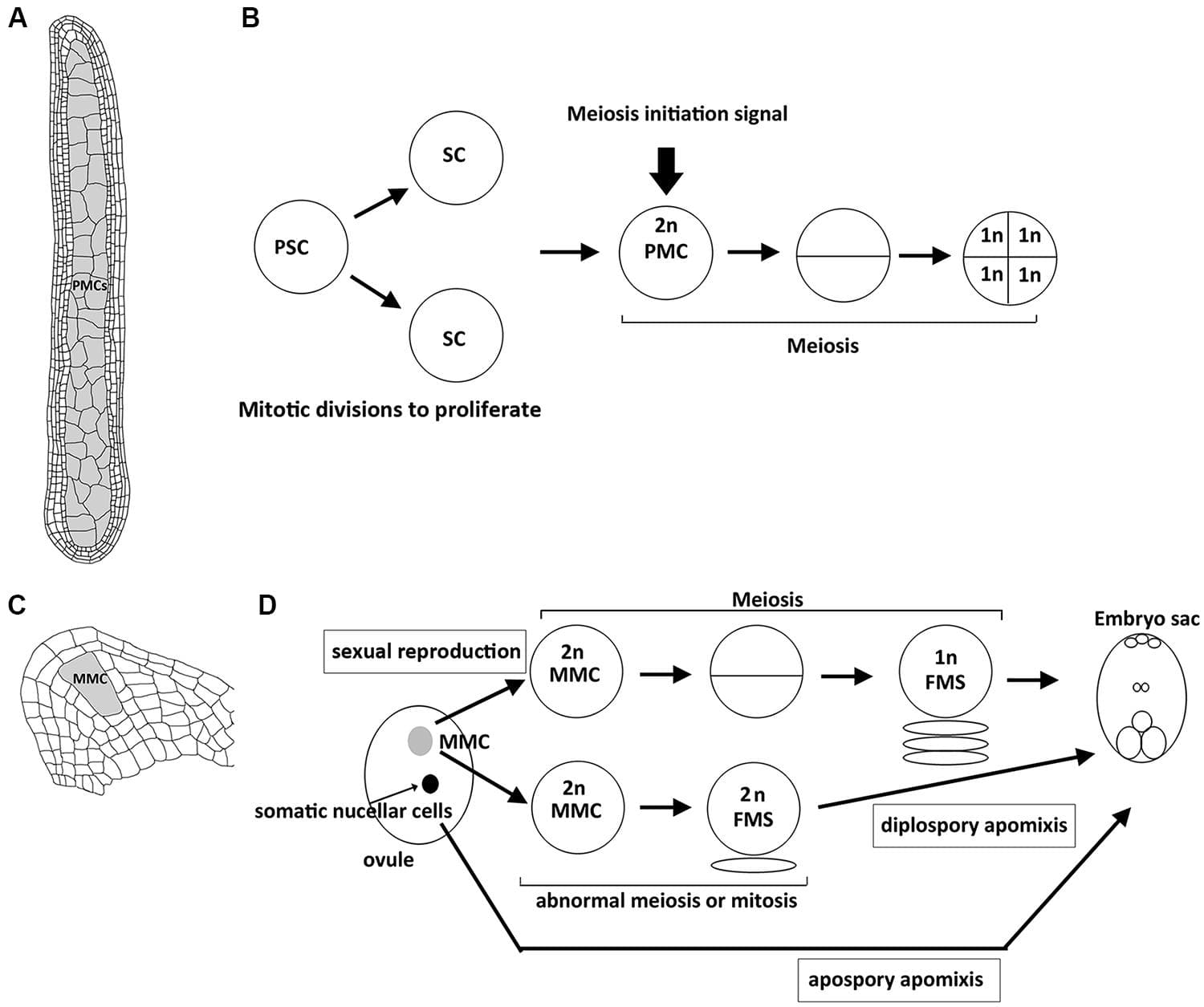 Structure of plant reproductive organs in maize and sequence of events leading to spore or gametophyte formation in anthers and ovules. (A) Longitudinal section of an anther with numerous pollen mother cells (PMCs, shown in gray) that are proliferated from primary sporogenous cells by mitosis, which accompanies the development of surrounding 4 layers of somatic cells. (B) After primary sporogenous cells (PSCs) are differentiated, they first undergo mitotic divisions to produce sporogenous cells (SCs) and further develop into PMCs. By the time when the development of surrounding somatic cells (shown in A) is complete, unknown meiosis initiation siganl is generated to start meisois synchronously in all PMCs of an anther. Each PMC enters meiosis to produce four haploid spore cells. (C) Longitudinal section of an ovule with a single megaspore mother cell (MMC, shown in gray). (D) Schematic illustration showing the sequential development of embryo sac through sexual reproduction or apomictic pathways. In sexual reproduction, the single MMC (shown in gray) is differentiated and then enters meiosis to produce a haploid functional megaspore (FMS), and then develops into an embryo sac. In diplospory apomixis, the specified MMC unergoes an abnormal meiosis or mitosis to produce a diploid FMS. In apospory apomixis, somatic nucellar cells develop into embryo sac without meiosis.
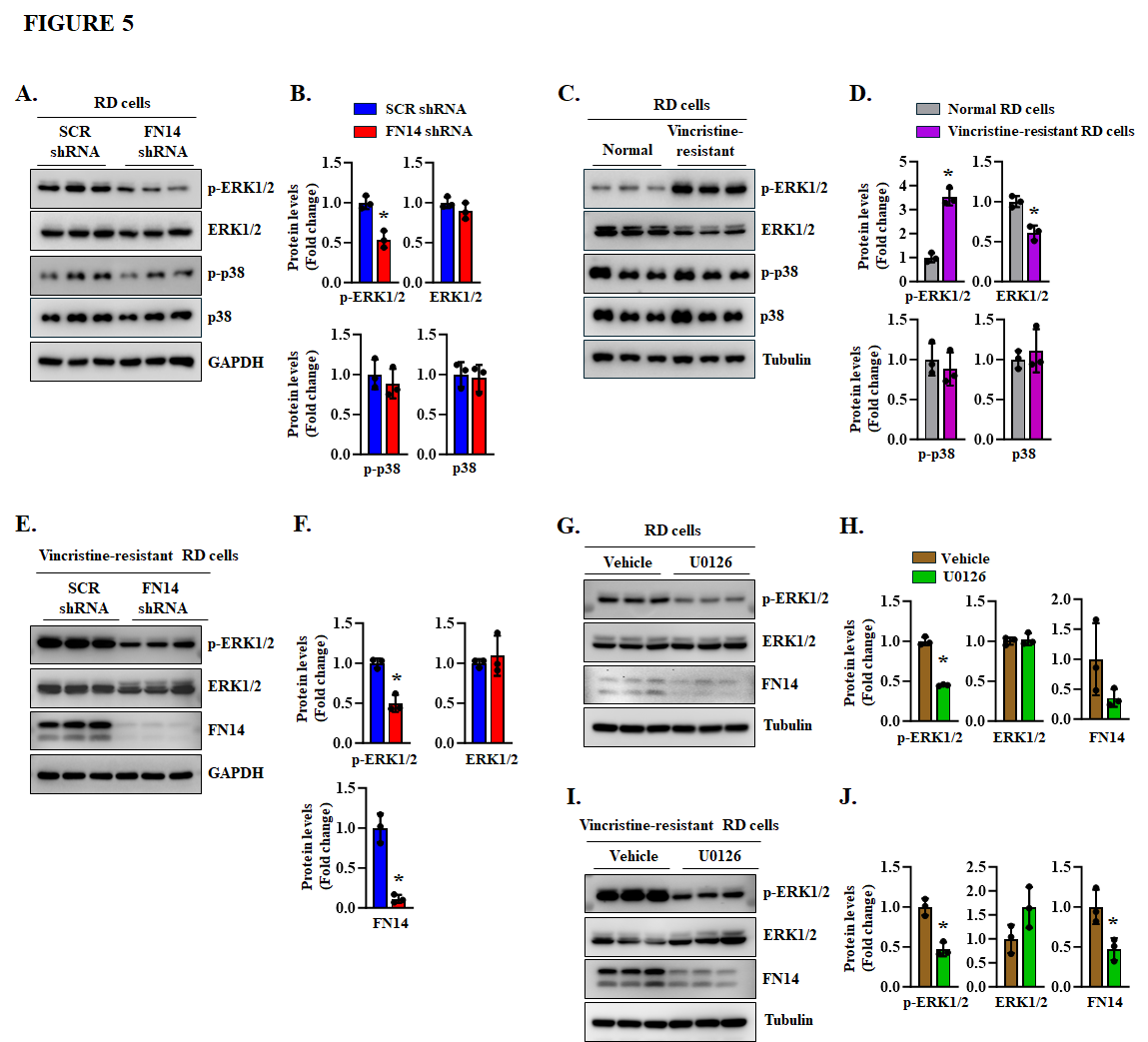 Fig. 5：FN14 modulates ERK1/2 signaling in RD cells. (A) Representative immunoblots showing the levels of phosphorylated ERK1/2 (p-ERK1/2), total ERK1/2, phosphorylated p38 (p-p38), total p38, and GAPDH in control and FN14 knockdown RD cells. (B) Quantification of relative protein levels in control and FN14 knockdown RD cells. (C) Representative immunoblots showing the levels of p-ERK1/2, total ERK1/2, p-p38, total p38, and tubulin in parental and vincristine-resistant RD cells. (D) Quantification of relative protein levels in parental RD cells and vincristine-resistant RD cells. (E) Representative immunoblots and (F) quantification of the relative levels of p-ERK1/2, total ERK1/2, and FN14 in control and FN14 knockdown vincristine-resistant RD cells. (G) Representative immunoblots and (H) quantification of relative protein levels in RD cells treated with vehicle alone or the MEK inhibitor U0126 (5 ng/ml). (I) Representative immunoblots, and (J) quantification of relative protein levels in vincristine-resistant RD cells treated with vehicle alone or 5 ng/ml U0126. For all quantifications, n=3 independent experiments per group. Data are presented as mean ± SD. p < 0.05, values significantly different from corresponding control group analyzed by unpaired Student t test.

* * *

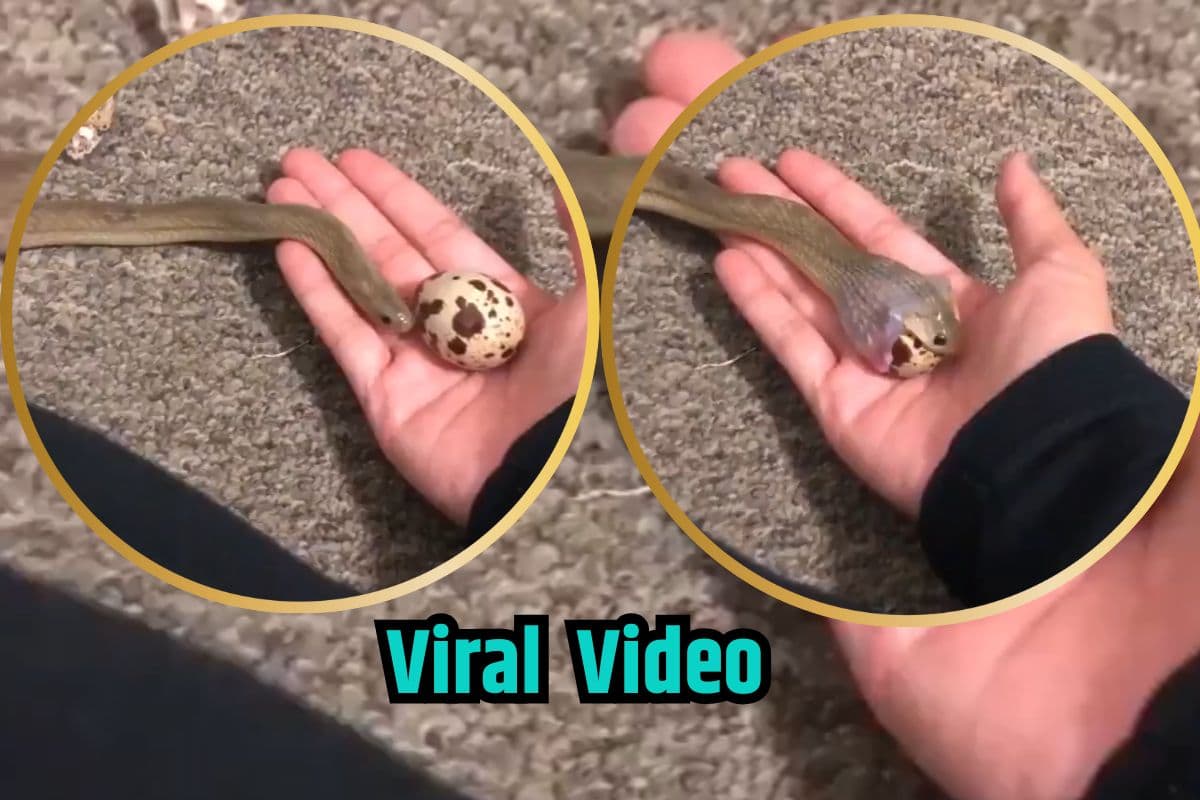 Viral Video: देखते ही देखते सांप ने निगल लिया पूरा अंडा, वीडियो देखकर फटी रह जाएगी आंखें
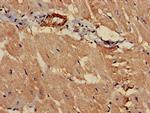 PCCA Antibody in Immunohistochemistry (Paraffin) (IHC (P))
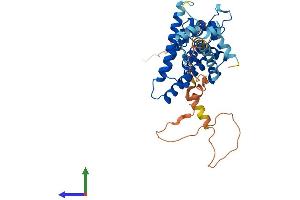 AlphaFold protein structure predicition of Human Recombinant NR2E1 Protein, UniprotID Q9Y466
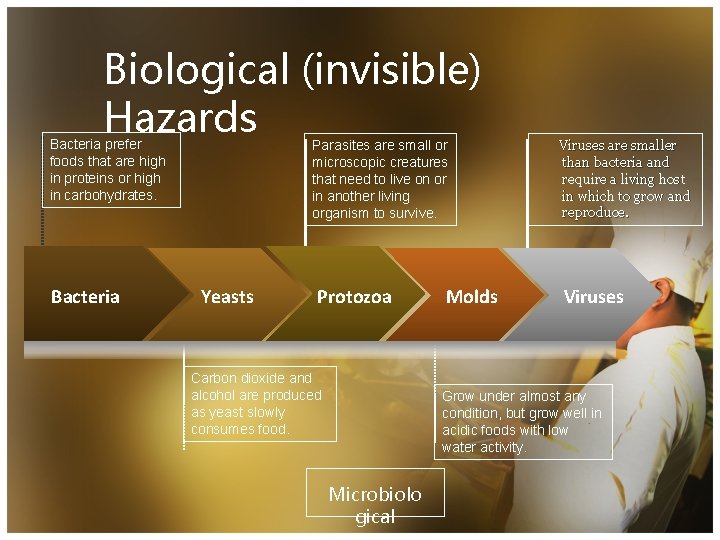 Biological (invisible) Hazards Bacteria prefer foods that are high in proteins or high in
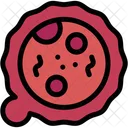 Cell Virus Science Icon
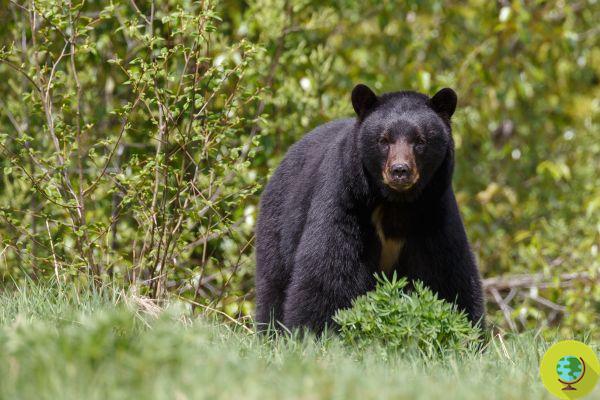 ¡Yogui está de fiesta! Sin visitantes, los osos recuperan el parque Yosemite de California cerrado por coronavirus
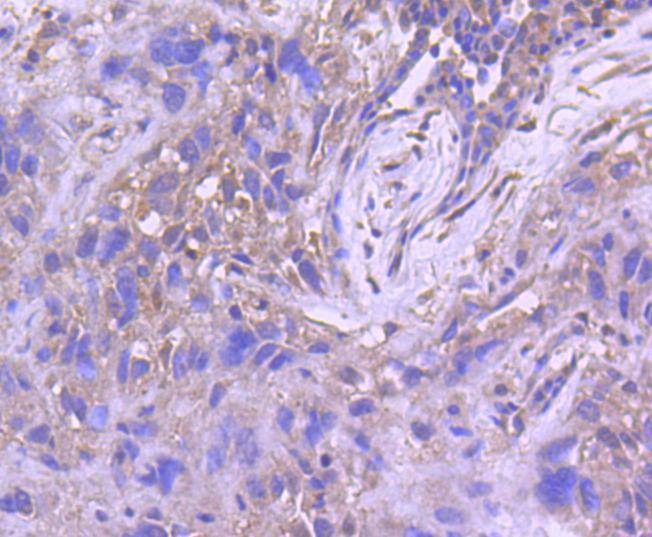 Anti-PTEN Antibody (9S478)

---

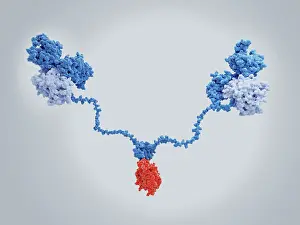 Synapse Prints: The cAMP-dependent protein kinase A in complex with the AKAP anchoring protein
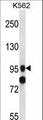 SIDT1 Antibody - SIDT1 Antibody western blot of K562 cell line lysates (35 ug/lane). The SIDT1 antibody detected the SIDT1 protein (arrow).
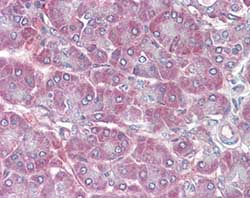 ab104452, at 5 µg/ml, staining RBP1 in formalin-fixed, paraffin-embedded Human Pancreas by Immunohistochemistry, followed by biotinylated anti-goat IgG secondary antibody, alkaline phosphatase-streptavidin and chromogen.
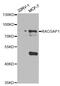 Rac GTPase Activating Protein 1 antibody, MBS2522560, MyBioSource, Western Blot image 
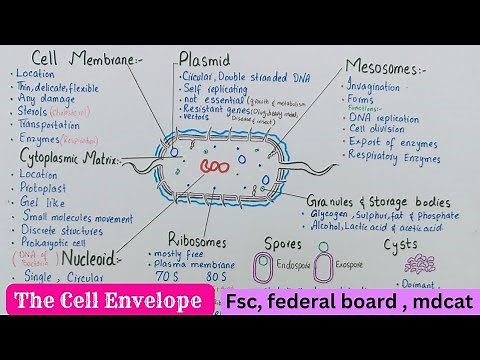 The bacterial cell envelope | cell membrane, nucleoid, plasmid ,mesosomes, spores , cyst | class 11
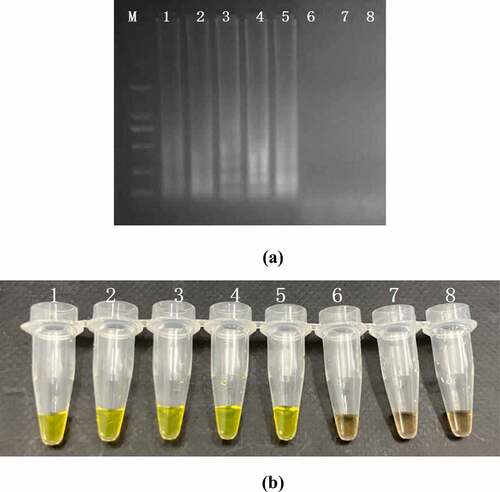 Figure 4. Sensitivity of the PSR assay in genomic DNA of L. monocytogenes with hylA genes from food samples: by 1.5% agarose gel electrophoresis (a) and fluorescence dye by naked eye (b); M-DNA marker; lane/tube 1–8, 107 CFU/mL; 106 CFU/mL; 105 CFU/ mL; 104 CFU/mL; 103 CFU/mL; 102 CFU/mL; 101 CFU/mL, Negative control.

What the exercise asks:
In the entries above, which lines run from the one with "Biological (invisible) Hazards" up to and including the one with "Anti-PTEN Antibody (9S478)"? Write them out exactly, without the pictures.

Completed task:
 Biological (invisible) Hazards Bacteria prefer foods that are high in proteins or high in
 Cell Virus Science Icon
 ¡Yogui está de fiesta! Sin visitantes, los osos recuperan el parque Yosemite de California cerrado por coronavirus
 Anti-PTEN Antibody (9S478)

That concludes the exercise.